Wie jüdische Gemeinden auf Antisemitismus reagieren

Derzeit keine Auswanderungswelle von Juden

Um sich greifender Antisemitismus in Deutschland gibt Mitgliedern von jüdischen Gemeinden nach Einschätzung des Zentralrats der Juden stark zu denken. In Frankreich haben antisemitische Angriffe zu einer "Auswanderungswelle" geführt.

Menschen jüdischen Glaubens denken über Auswanderung nach / © dpa (dpa)
Menschen jüdischen Glaubens denken über Auswanderung nach / © dpa ( dpa )
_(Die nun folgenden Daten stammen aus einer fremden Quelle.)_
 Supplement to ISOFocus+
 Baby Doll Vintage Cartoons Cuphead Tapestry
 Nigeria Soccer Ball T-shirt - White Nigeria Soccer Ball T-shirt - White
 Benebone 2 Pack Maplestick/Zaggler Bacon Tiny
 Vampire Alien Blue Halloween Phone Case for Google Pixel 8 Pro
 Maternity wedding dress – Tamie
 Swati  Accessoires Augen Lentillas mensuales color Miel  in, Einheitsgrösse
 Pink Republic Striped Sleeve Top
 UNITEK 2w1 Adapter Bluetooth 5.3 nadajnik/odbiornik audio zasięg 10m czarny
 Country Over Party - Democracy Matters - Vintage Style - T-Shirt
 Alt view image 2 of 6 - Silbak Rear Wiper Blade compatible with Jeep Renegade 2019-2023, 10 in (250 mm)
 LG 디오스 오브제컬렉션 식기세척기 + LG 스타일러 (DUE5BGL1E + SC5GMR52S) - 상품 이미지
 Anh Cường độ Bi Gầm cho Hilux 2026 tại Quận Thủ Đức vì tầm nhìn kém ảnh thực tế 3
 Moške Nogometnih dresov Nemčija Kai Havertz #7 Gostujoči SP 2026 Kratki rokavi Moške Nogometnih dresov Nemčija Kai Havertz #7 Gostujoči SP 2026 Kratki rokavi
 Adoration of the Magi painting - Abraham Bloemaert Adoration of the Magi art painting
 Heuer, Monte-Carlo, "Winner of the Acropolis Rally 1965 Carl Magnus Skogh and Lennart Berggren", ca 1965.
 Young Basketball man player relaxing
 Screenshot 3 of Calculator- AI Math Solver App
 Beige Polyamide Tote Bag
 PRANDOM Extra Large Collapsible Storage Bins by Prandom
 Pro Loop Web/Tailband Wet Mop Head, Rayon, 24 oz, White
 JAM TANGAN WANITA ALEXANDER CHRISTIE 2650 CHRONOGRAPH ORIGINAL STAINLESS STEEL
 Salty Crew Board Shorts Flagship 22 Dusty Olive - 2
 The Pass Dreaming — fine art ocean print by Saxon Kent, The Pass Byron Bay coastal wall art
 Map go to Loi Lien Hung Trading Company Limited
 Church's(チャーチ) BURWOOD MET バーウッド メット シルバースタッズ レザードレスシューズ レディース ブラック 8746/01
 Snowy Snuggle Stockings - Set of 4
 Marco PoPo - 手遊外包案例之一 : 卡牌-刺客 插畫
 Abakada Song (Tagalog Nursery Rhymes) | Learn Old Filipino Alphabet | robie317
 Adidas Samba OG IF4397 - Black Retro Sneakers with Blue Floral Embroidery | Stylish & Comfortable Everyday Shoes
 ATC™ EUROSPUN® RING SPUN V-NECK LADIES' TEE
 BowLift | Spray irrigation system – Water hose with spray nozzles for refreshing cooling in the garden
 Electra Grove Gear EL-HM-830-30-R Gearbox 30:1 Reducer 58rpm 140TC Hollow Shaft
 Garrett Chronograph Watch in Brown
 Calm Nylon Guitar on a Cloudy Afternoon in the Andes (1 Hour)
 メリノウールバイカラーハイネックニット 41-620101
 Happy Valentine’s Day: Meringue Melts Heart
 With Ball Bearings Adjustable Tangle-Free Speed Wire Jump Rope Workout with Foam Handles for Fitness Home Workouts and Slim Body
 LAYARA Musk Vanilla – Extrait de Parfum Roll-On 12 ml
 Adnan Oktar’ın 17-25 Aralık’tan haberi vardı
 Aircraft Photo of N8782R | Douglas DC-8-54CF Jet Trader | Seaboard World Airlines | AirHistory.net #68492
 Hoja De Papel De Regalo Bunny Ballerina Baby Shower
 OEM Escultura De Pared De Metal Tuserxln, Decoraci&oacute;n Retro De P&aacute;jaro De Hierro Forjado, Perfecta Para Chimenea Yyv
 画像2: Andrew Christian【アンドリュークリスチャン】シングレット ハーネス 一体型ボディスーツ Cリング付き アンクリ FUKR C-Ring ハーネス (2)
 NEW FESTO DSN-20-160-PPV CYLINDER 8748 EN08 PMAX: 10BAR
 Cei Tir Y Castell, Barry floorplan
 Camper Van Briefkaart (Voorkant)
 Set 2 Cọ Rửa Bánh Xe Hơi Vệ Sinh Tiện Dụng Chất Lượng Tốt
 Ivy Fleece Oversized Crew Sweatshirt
Derzeit sei keine "Auswanderungswelle" zu beobachten wie sie aus Frankreich in Richtung Israel bekanntgeworden sei, sagte der Vizepräsident des Zentralrats, Abraham Lehrer, am Mittwoch in Berlin. "Davon ist die jüdische Gemeinschaft in Deutschland, glaube ich, noch weit entfernt. Aber die Gedanken sind frei, man beschäftigt sich damit." Dies gelte auch für Familien mit Blick auf das Großziehen von Kindern.

Überlegungen zu Auswanderungsorten

Zuletzt gab es in Deutschland Höchststände bei den erfassten antisemitisch motivierten Straftaten in Deutschland, deren Zahl im Jahr 2020 um 15,7 Prozent auf 2.351 stieg. Wenn Juden hierzulande darüber nachdächten, wohin sie im Zweifel auswandern würden, würden potenzielle Ziele wie Israel, die USA, Australien und Großbritannien genannt, sagte Lehrer.

Dass Juden Stadtviertel im Sinne von "No-Go-Areas" bei der Wahl des Wohnortes mieden, sei "nicht wirklich" zu beobachten, so Lehrer. Gleichwohl komme es vor, dass Menschen umziehen, etwa wenn das eigene Kind in der Schule Vorbehalte bis hin zu Übergriffen erfahren habe. Einfach auf eine jüdische Schule zu wechseln, sei jedoch ein Problem, weil es nicht so viele Einrichtungen dieser Art gebe.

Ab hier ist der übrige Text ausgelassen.